◆ Requirement ◆
Set down, please, exactly the lines below that run from the line with "EUC Sweet Beginnings" to the line with "Skelettljusstakehållare i harts", both lines included.

◆ Data listing ◆
###
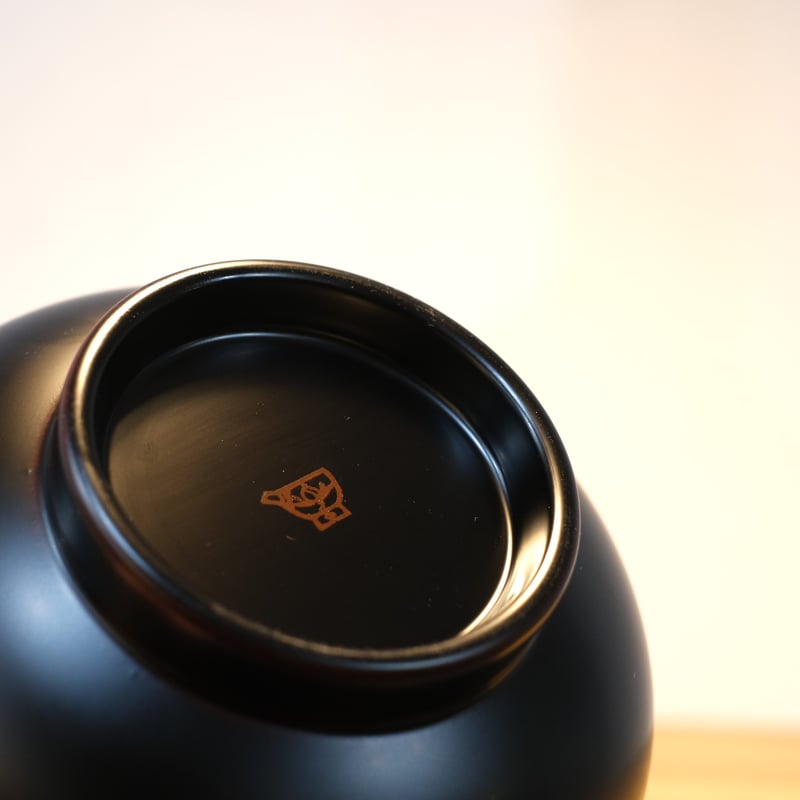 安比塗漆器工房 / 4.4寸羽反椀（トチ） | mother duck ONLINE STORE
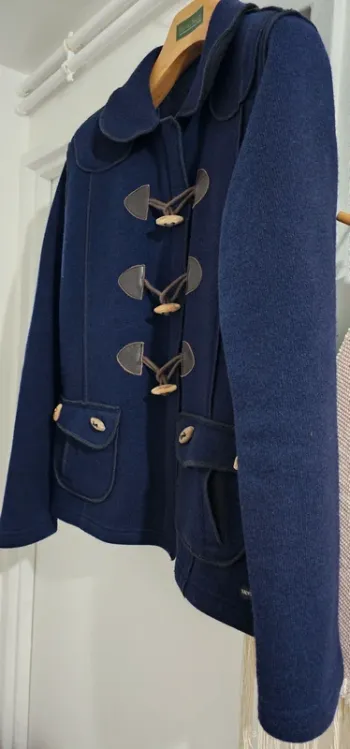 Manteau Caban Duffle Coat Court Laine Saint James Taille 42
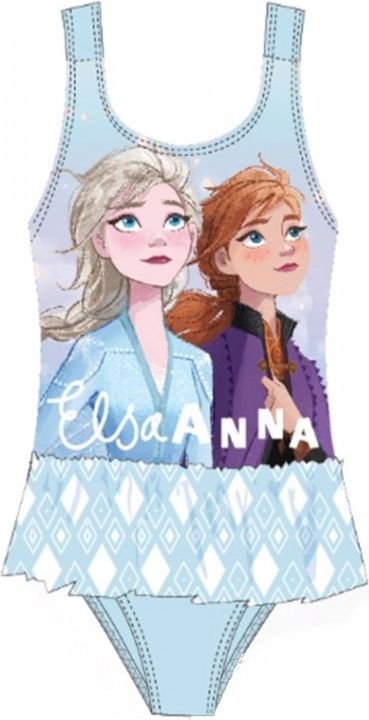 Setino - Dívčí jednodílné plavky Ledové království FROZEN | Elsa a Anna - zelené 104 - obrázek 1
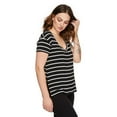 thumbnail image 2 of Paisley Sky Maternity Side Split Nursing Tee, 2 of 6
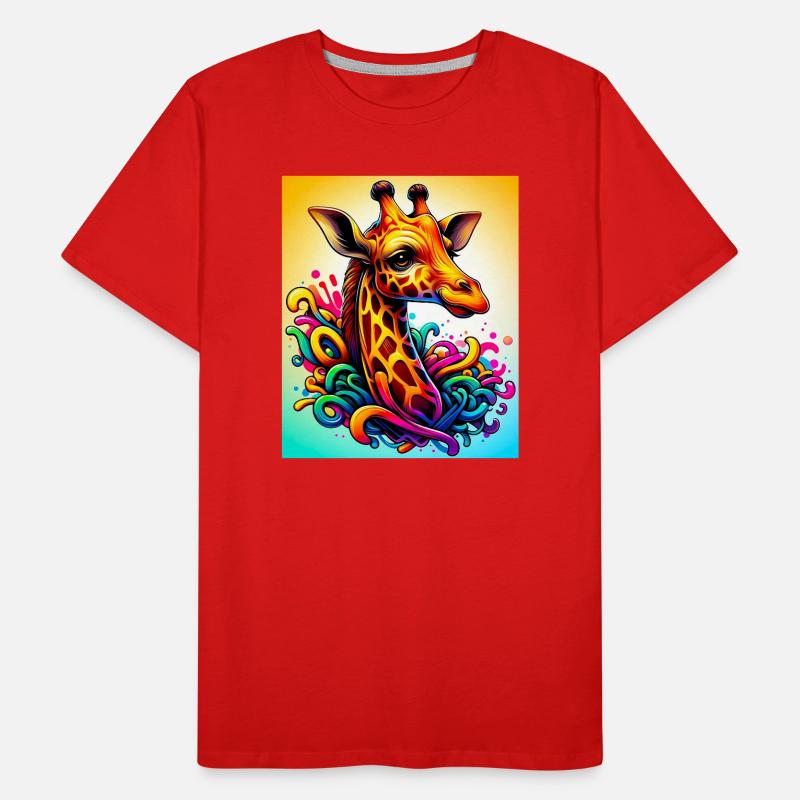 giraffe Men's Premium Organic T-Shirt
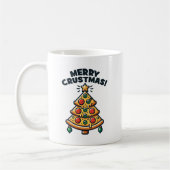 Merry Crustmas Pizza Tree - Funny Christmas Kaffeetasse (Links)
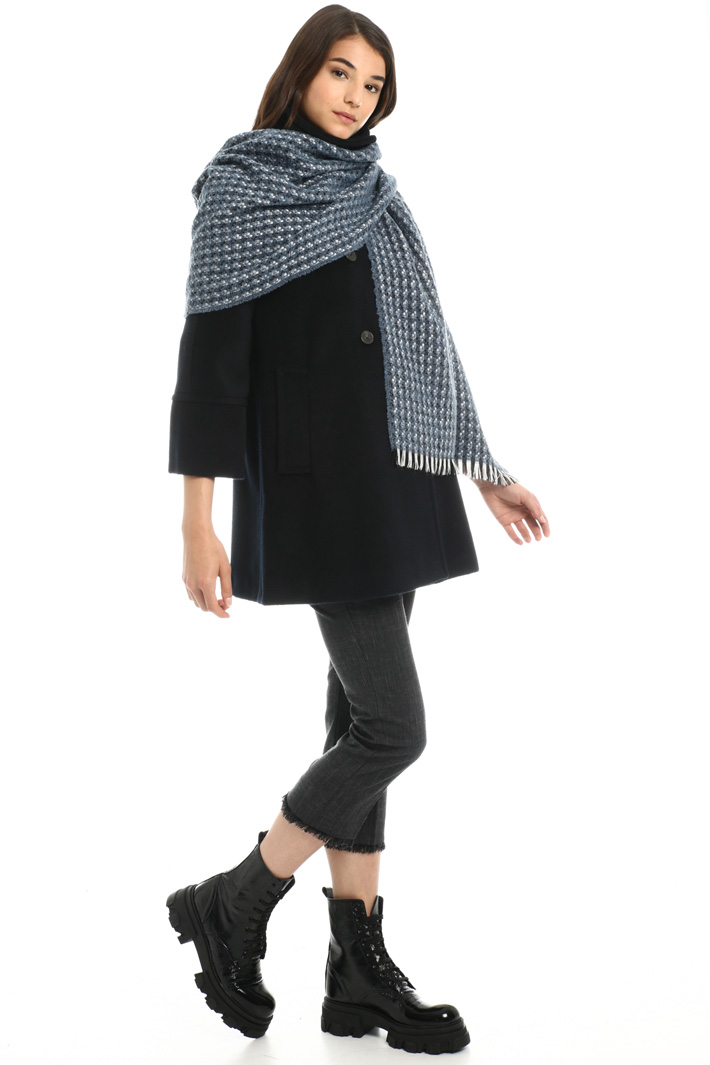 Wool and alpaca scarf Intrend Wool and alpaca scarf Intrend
###
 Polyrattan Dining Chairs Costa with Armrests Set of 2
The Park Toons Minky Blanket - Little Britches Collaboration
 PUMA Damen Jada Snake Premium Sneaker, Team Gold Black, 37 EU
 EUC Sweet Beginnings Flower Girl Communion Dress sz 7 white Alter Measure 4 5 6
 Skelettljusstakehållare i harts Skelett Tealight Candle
###
◆ Written reply ◆
 EUC Sweet Beginnings Flower Girl Communion Dress sz 7 white Alter Measure 4 5 6
 Skelettljusstakehållare i harts Skelett Tealight Candle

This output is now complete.